The majority of the areas accessible to the public are located on the west side of the building, while the back of house and administrative areas are on the east side. The public programming is designed so visitors flow fluidly along a single trajectory through the gallery space and down to the next level, without accidentally ending up in the back of house area.
Within the Museum are three open, light filled voids that span all three levels. These spaces are used to display artefacts, while being specifically designed to facilitate the stack effect. These voided spaces provide spacious gathering spots that often offer views beyond the walls of the building. Compressive spaces lead visitors through the museum, and occur in moments such as the main stair from the lobby to the top gallery level, as well as the tiered, climate controlled gallery spaces that encircle the St. Roch. These spaces are illuminated artificially in contrast to the naturally illuminated void spaces.
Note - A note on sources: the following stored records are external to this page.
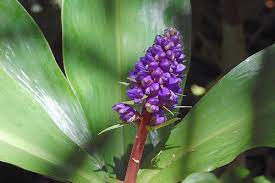 Purple Ginger Plant Ginger Plant Plants Flowers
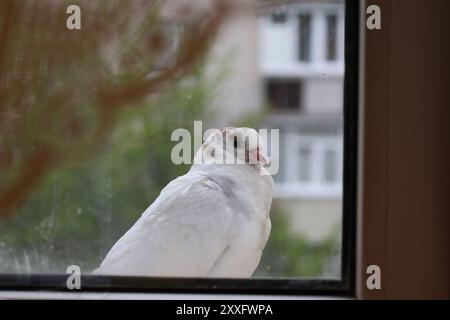 Pigeon blanc gros plan portrait, oiseau sur la fenêtre, jour d'été, pigeon beau portrait, pigeons yeux en macro, extrême gros plan Banque D'Images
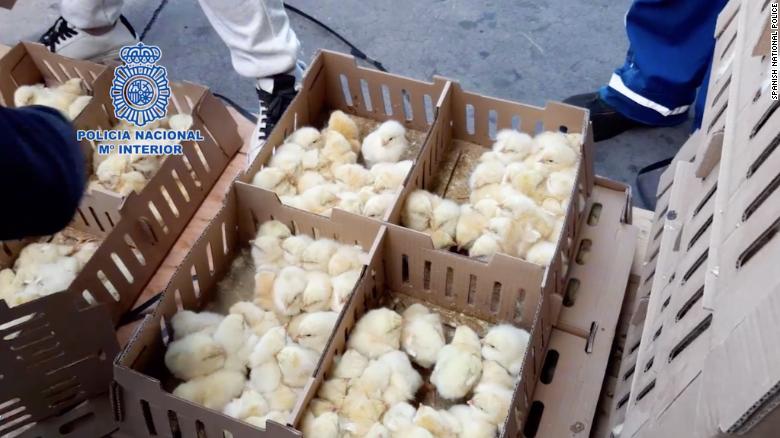 ФОТОФАКТ: Тысячи брошенных цыплят умирают в аэропорту Мадрида - фото 3
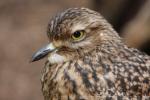 Spotted thick-knee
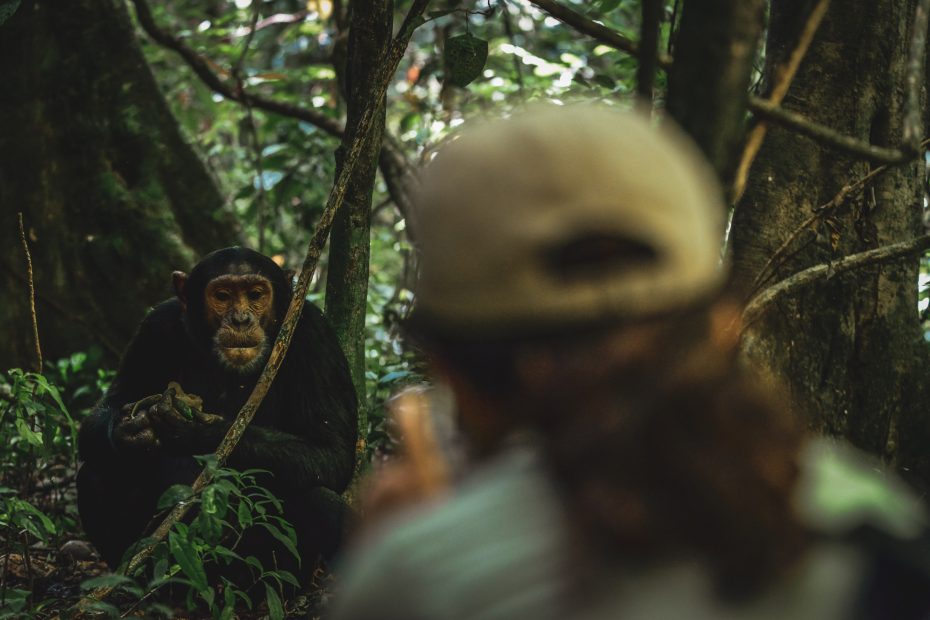 Ultimate experience through the lens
The siting of the museum engages visitors and the public by directly interacting with the seawall that circles the site. The main portion of the seawall sweeps visitors up to the main entrance, while the forked, more scenic route along the shoreline offers moments to stand below the sloped, outwardly projected glazing and experience the grandeur of the St. Roch. The public may also relax upon the patio outside of the canoe carving studio, or climb the stairs to the rooftop and enjoy the views of the artefacts inside the museum. The siting also engages visitors by offering views out to sea, providing context for the nautical artefacts on display. This space allows the public to engage with the site around the clock, regardless of whether the museum is open or closed.
This structure aims to achieve BC Energy Step Code Level 3 through an enclosure first approach. To achieve this, the wall, roof and foundation assemblies are designed to reach prescribed r-values, and do this by increasing the depth of rigid insulation.